During a question and answer session at a town hall meeting in Portsmouth Thursday night, Obama turned to address his foreign policy credentials.
“Let me just suggest this, without patting myself too hard on the back” he told the audience, “Every major foreign policy judgment that we’ve had to make over the last several years, my judgments have been right.”
Obama’s glowing self-assessment came as a digression about four minutes into his response to a question on why he would take 16 months to remove U.S. troops from Iraq rather than pulling them out immediately. (The much shorter answer: because military advice he has received suggests that an orderly withdrawal could proceed no faster than one or two brigades per month.)
Earlier in the day, Clinton warned voters at a town meeting in the rural Grundy Center, Iowa, against electing a president without significant foreign policy experience and suggested her leading rivals had shortcomings in the area similar to the incumbent President Bush despised by many partisan Democrats.
“It is tempting any time things seem quieter for a minute on the international front to think that we don't need a president who is up to speed on foreign affairs and military matters," Clinton said, according to the Associated Press.
"Well, that's the kind of logic that got us George Bush in the first place," she said
Presumably apprised of her comments, Obama ticked off the major foreign policy judgments that he asserts he got “right.” In each case, his views either conflicted with Clinton or were initially criticized by members of the foreign policy establishment.
He, of course, cited his early opposition to the war in Iraq and his later support of a timetable for withdrawal—both standards of his stump speech that are popular with the huge anti-war constituency in the Democratic party.
He also cited the willingness he has expressed to meet with pariah foreign leaders including Iran’s president—criticized at the time by Clinton as demonstrating “naïveté”—and his opposition to a Senate resolution that urged Iran’s Revolutionary Guard be declared a terrorist organization.
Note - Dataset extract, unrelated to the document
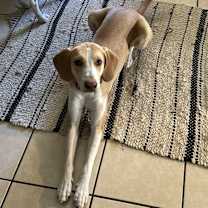 Thumbnail photo of Frank #2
He claimed those stands have been vindicated by a recent National Intelligence Estimate concluding Iran suspended its nuclear weapons program several years ago because of international pressure.
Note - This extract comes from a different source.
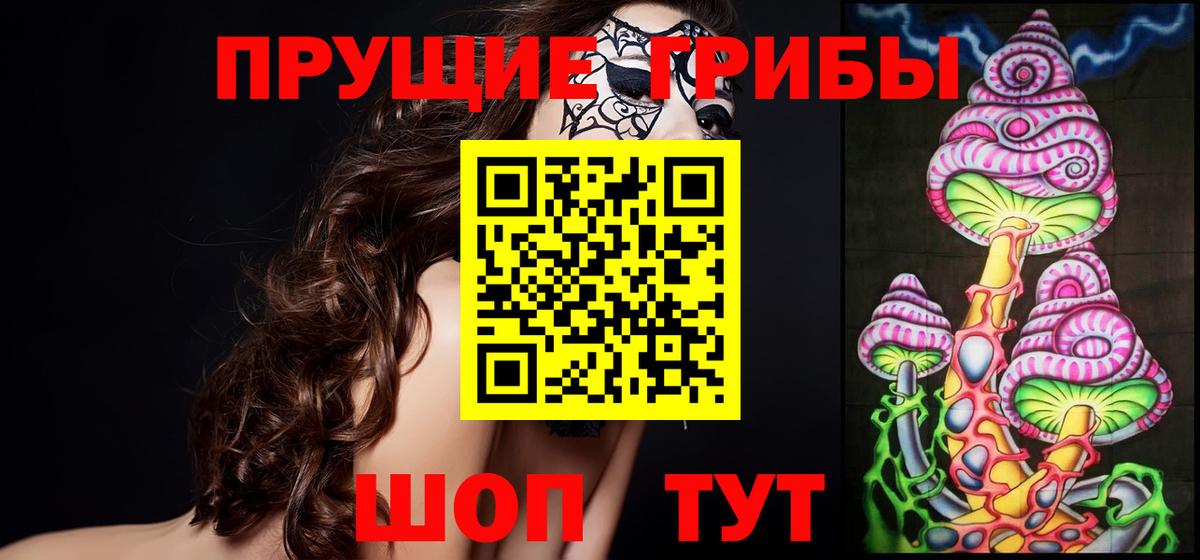 Псилоцибиновые грибы Psilocybe  Вход с VPN  Назарово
And he claimed he also has been vindicated in public criticism he made of Pakistani President Pervez Musharaff as an unreliable ally in fighting Al Qaeda. He argued that the Pakistani leader’s declaration of emergency powers this fall against the opposition of the United States shows his judgment on Musharaff was correct, despite criticism at the time that his comments undercut a U.S. ally who faced a tricky domestic political situation.
A transcript of the relevant portion of Obama’s answer follows:
For those of who are still, you know, shopping and say ‘I like what Obama is saying but I don’t know about this whole foreign policy thing,’ let me just suggest this, without patting myself too hard on the back: Every major foreign policy judgment that we’ve had to make over the last several years, my judgments have been right.
I opposed the war in Iraq. I didn’t just stumble into it. I (said) very clearly what I anticipated would happen and that’s what happened
I suggested that we needed a timetable for withdrawal--I still believe that--because I said that the Iraqi government would not respond without one. It hasn’t.
I said that the saber-rattling against Iran was a mistake. And that Kyl-Lieberman (a Senate resolution urging that Iran’s Revolutionary Guard be declared a terrorist organization) was a mistake. And that we should negotiate directly with them. And I said that six months ago. And at the time I said it, everybody said, ‘Oh, that’s a gaffe. That is a sign that he is a rookie and does not have the experience to be president.’ And they were surprised that the next day I kept on saying it. And a week later I was saying it. A month later I was saying it.
And then, last month, the NIE (the intelligence community’s National Intelligence Estimate) comes out with a report in which it concludes not only that Iran does not currently have a nuclear weapons program but lo and behold the16 top intelligence agencies in this country all come to a consensus that we should talk directly to Iran because they respond carrots and the stick.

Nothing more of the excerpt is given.